Our parliamentarians generally have a lot of common ground, and it's a tragedy that the Australian public is not more aware of it. We need a parliamentary office to communicate the good bipartisan work that gets done here. I believe in plain speaking; in evidence-based policy; in less politics and more policy; and in governments and parliaments who lead and not follow—all underpinned by a core belief in the very decency, fairness and compassion my parents taught their children, Whilst I look forward to the ferocious debate, I utterly reject the notion of winning at all costs, because I believe in my duty to the people of New South Wales and of Australia.

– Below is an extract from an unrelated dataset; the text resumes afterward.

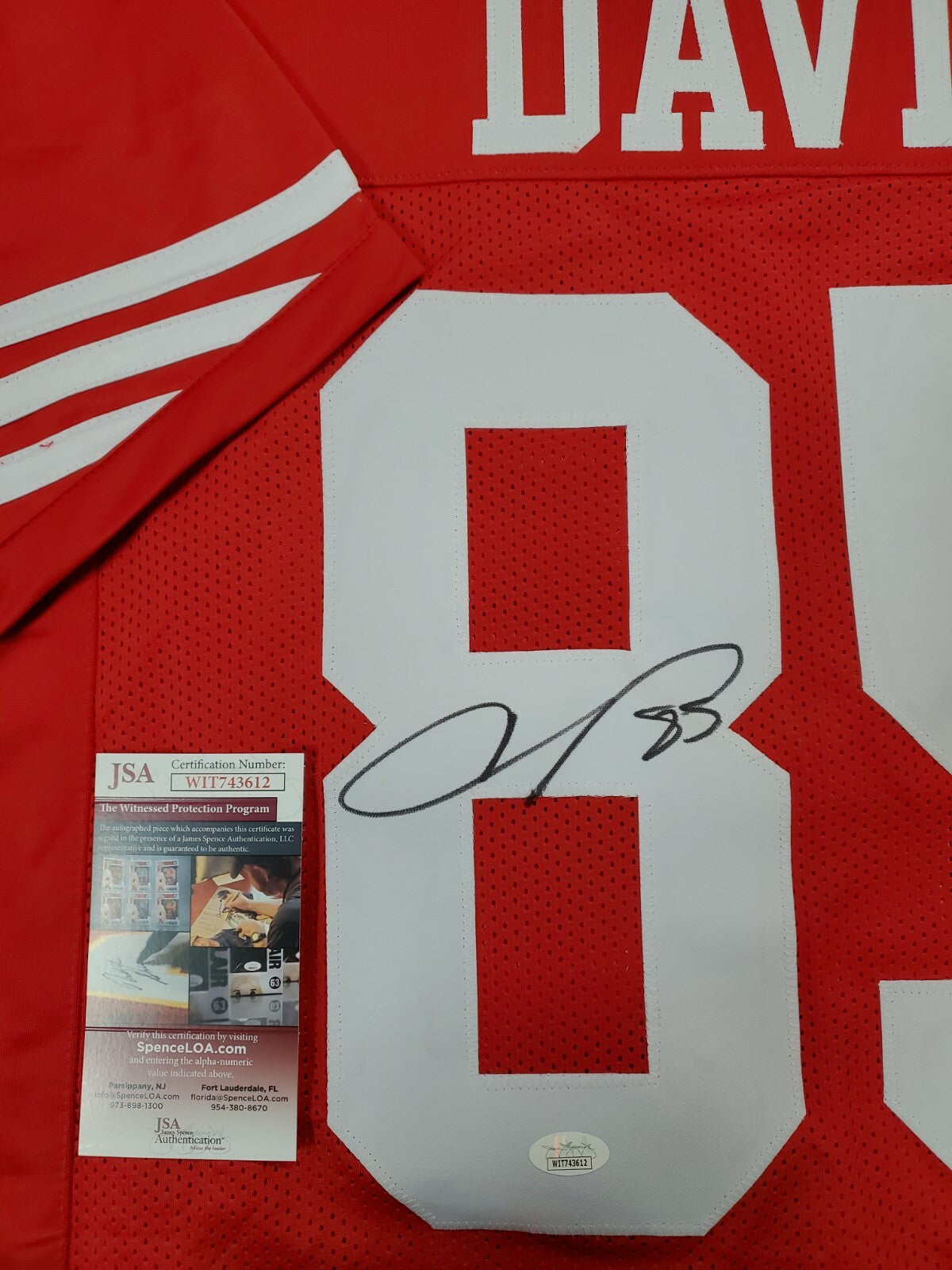San Francisco 49Ers Vernon Davis Autographed Signed Jersey Jsa Coa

I wish to conclude with the final but most important acknowledgement: I want to thank all of the members of the Transport Workers' Union and every working person who has supported me for so many years. I say to every transport worker in Australia: because you are the men and women who carry Australia, you deserve the respect of all Australians. Some of you are no doubt listening on parliamentary radio as you drive a long haul on the Pacific, Sturt, Bruce or Eyre highways; some working late shifts at the airport, or sitting in the tearoom; and others just getting home, exhausted, to their waiting families. I want to say to these great men and women: it has been my honour to serve you. I'm here because of you, and, now more than ever, in this place I am your servant. To those families who have lost loved ones on the altar of profit, driven by greed or misused technology, or allowed by failed regulation: I remember every single one of you.

I'm honoured to be in this wonderful chamber, and determined to do good and to grasp the moment with everything I have. Thank you, senators; thank you, friends; thank you, family; and thank you, good President.